DATASET CONTENT:
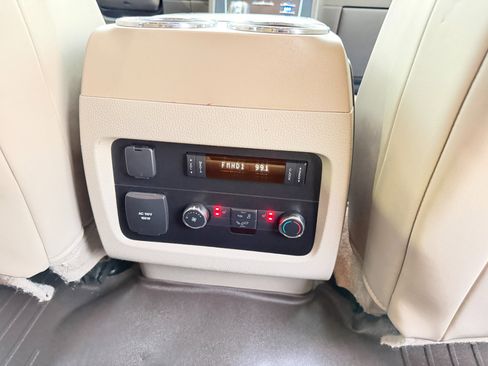 Used 2015 Lincoln Navigator L 4WD image 48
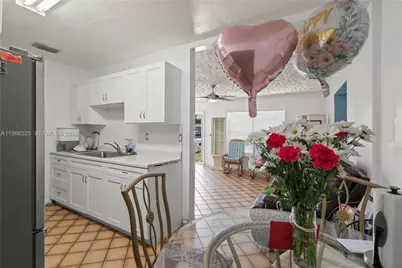 1271 NE 211th St, Miami, FL 33179 - Photo 9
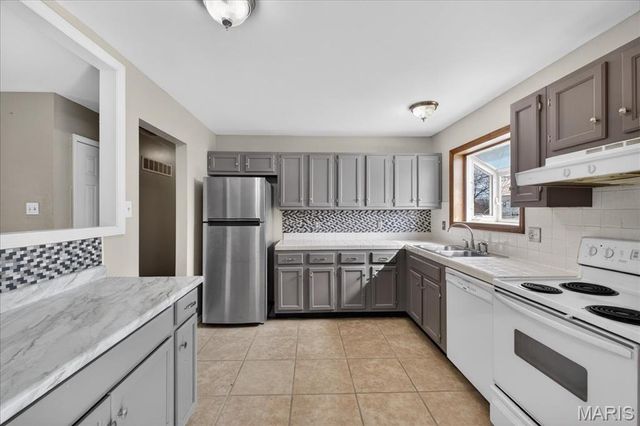 35 Deborah Drive, St Peters, MO 63376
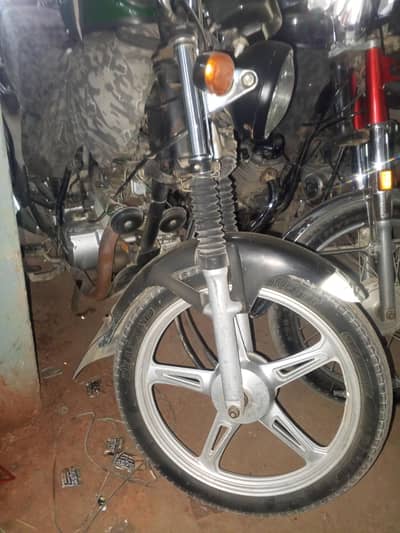 fist owner ha Karachi number ha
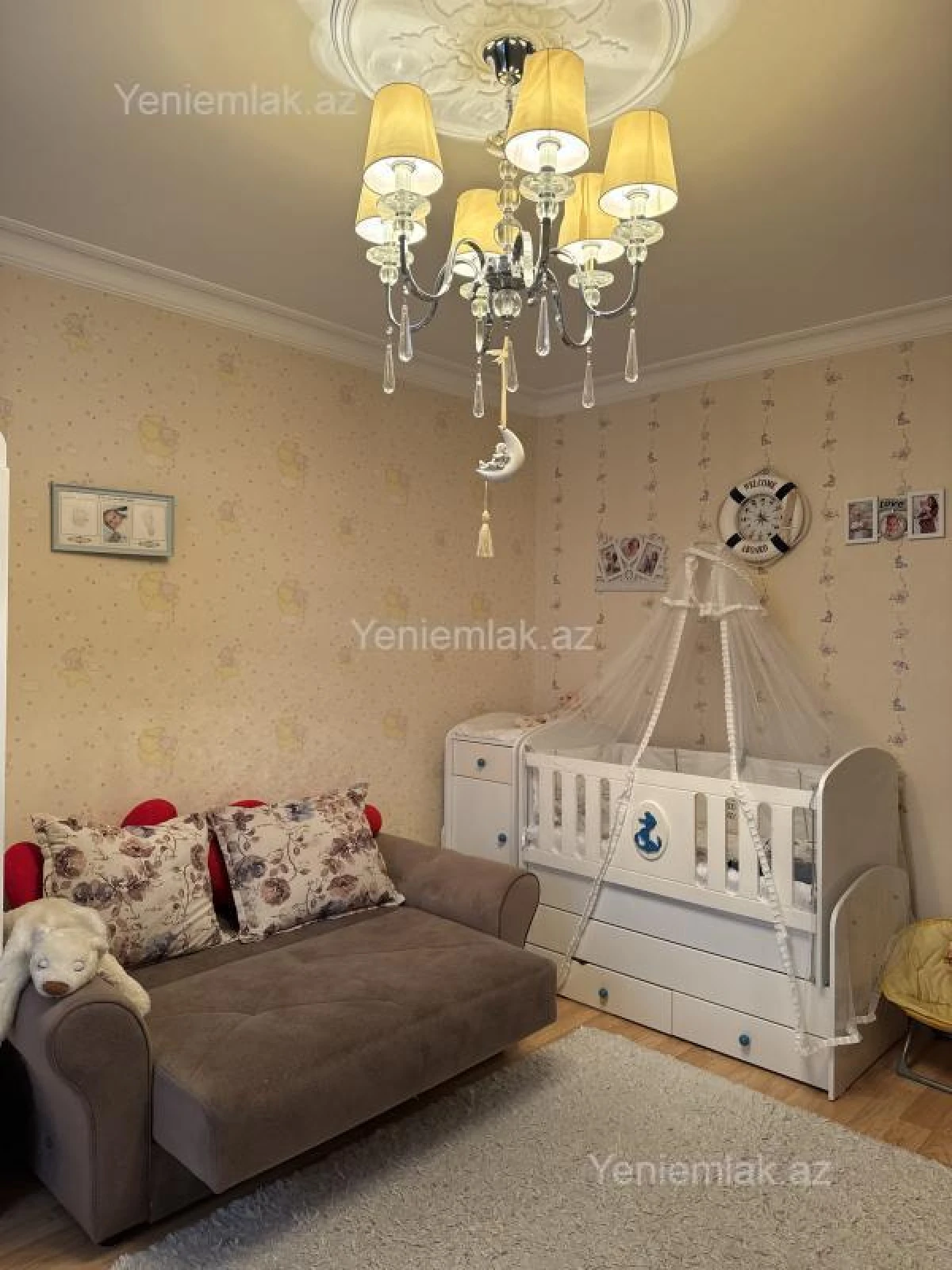 Satılır 4 otaqlı köhnə tikili 110 m²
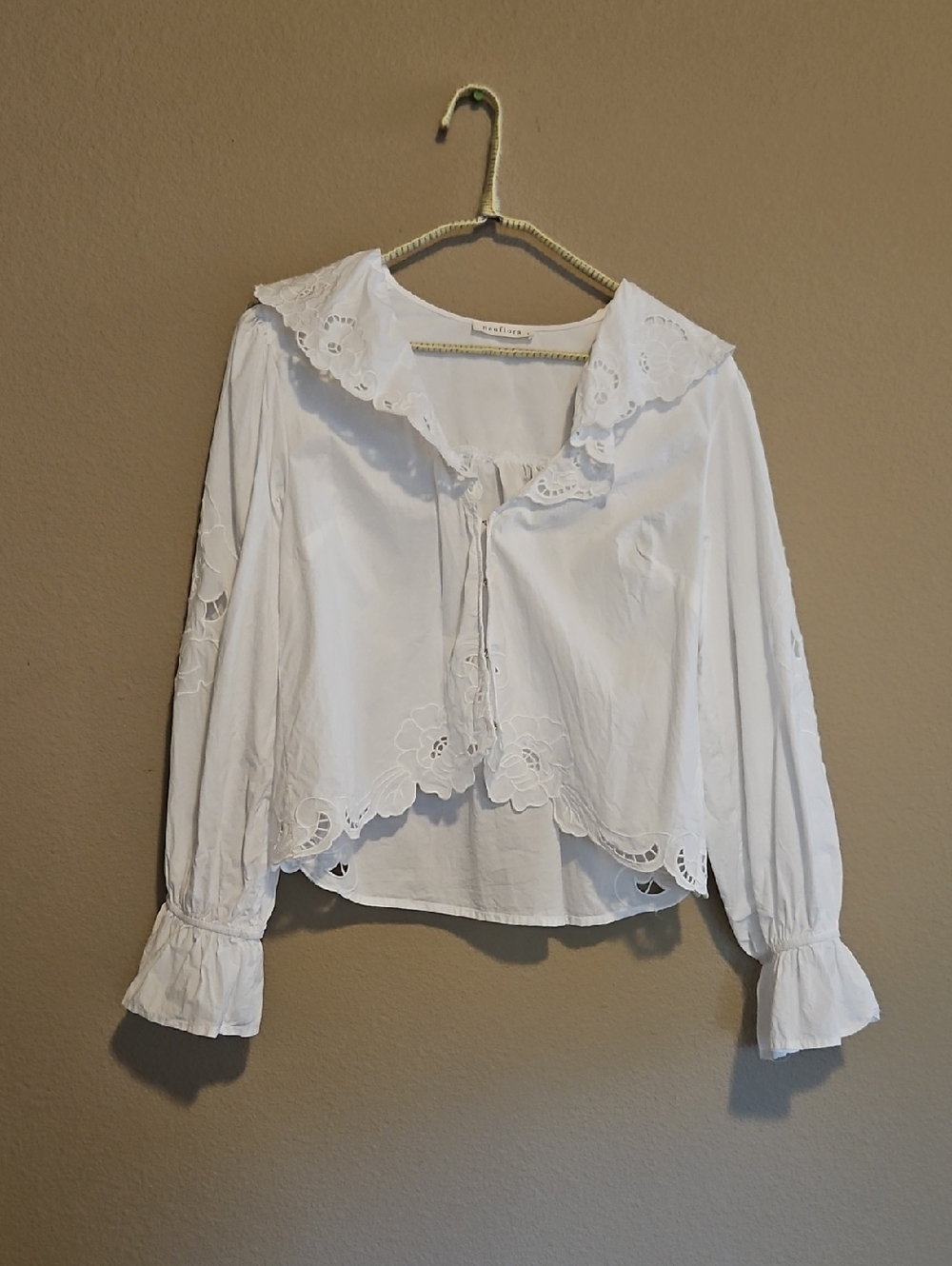 Neuflora Gorgeous Top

INSTRUCTIONS FOR THE TASK:
Print each entry precisely as written; the pictures stay out.

RESULT:
 Used 2015 Lincoln Navigator L 4WD image 48
 1271 NE 211th St, Miami, FL 33179 - Photo 9
 35 Deborah Drive, St Peters, MO 63376
 fist owner ha Karachi number ha
 Satılır 4 otaqlı köhnə tikili 110 m²
 Neuflora Gorgeous Top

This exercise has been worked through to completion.